GIVEN DATA below:
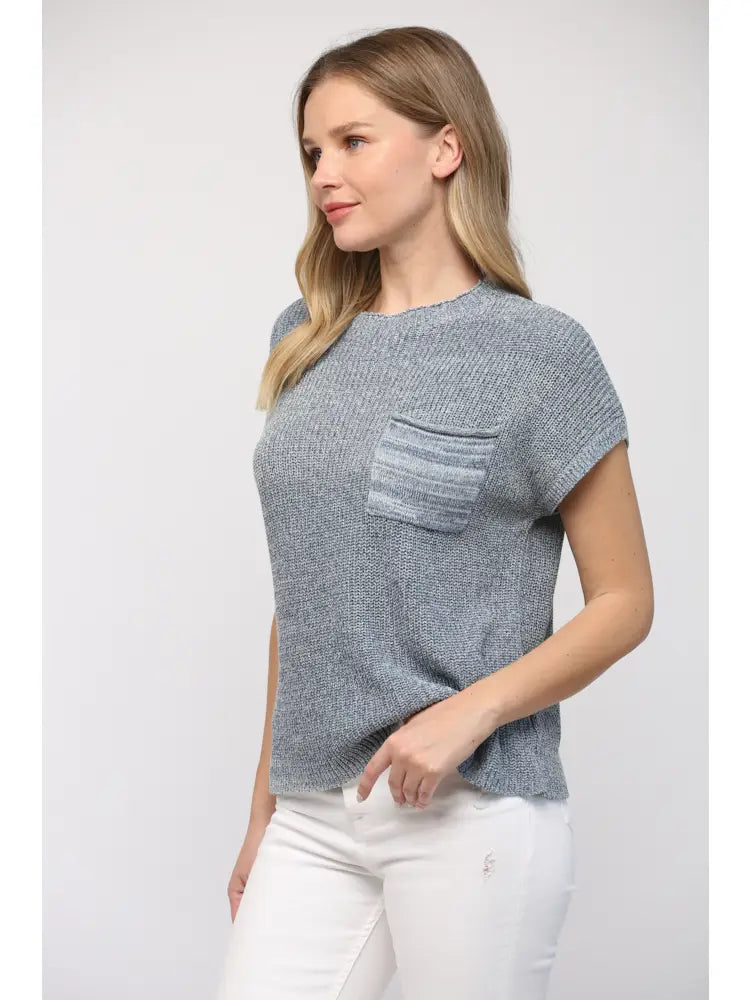Drop Shoulder Sweater Top w/ Mini Pocket Detail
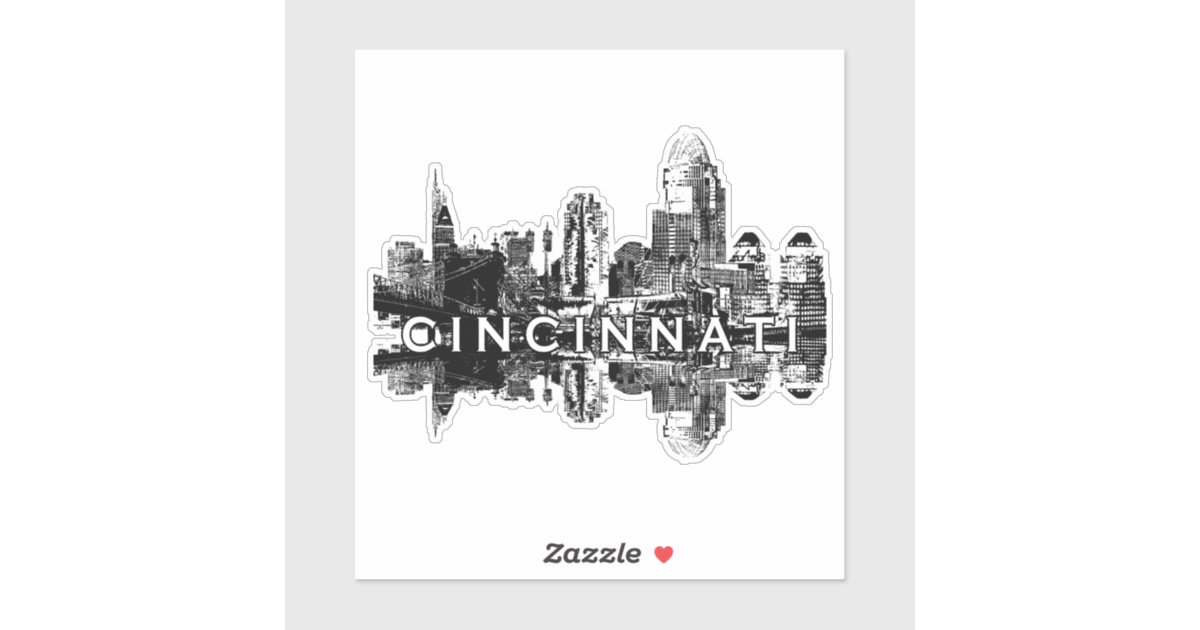 Cincinnati Ohio Skyline In Black Ink Sticker Zazzle Com
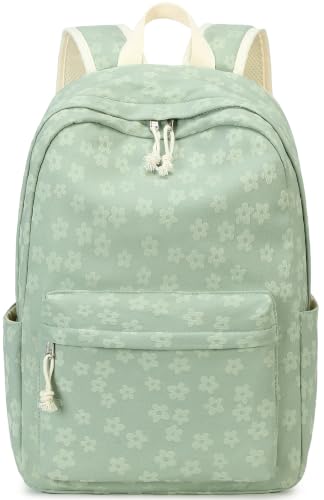 LEDAOU Backpack for Teen Girls Lightweight Kids Bookbag for Elementary Middle High School College Women Laptop Casual Daypack (Green Flowers) - color: Green Flowers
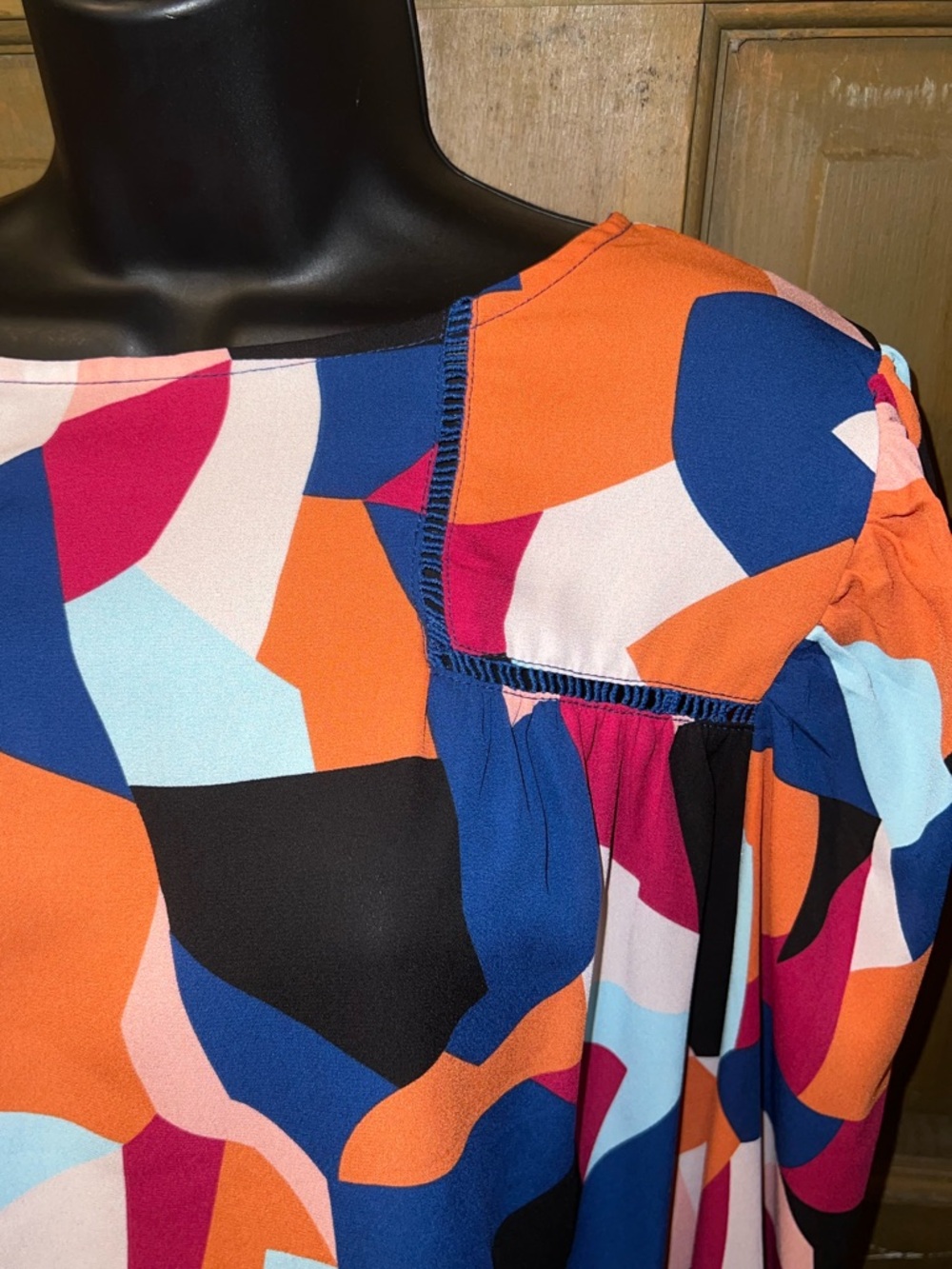 Orange Abstract Retro Multicolor Boho Chic Ruffled Puff Sleeve Blouse Size XL - Picture 9 of 10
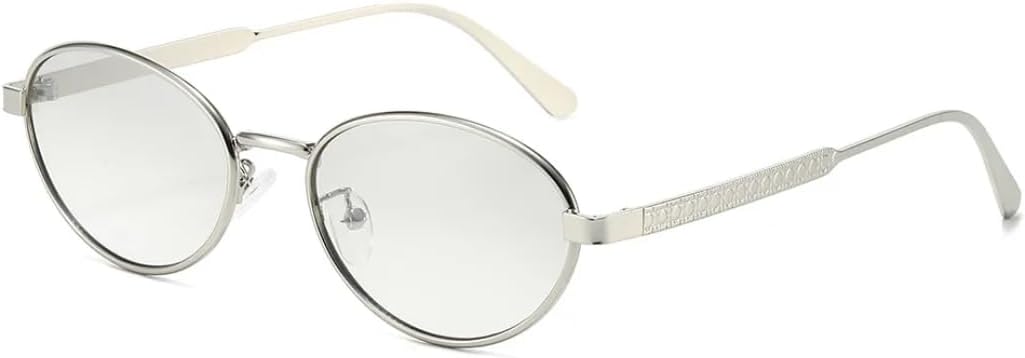 

Солнцезащитные очки для мужчин и женщин - защита UV400 - градиентные линзы, овальные линзы в стиле панк, металлические петли, для занятий спортом на открытом воздухе и вождения DSVIGF, Silvery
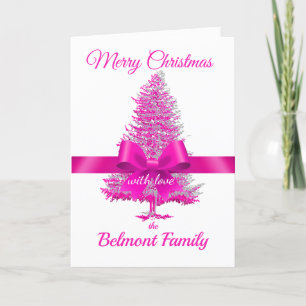 Roze Fuchsia Holiday Tree Ribbon Bow Aangepaste na Feestdagen Kaart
End of GIVEN DATA.
### ACTION ITEM
Print all of the entries word for word. Omit the pictures they contain.

### RESPONSE BOX
Drop Shoulder Sweater Top w/ Mini Pocket Detail
 Cincinnati Ohio Skyline In Black Ink Sticker Zazzle Com
 LEDAOU Backpack for Teen Girls Lightweight Kids Bookbag for Elementary Middle High School College Women Laptop Casual Daypack (Green Flowers) - color: Green Flowers
 Orange Abstract Retro Multicolor Boho Chic Ruffled Puff Sleeve Blouse Size XL - Picture 9 of 10

Солнцезащитные очки для мужчин и женщин - защита UV400 - градиентные линзы, овальные линзы в стиле панк, металлические петли, для занятий спортом на открытом воздухе и вождения DSVIGF, Silvery
 Roze Fuchsia Holiday Tree Ribbon Bow Aangepaste na Feestdagen Kaart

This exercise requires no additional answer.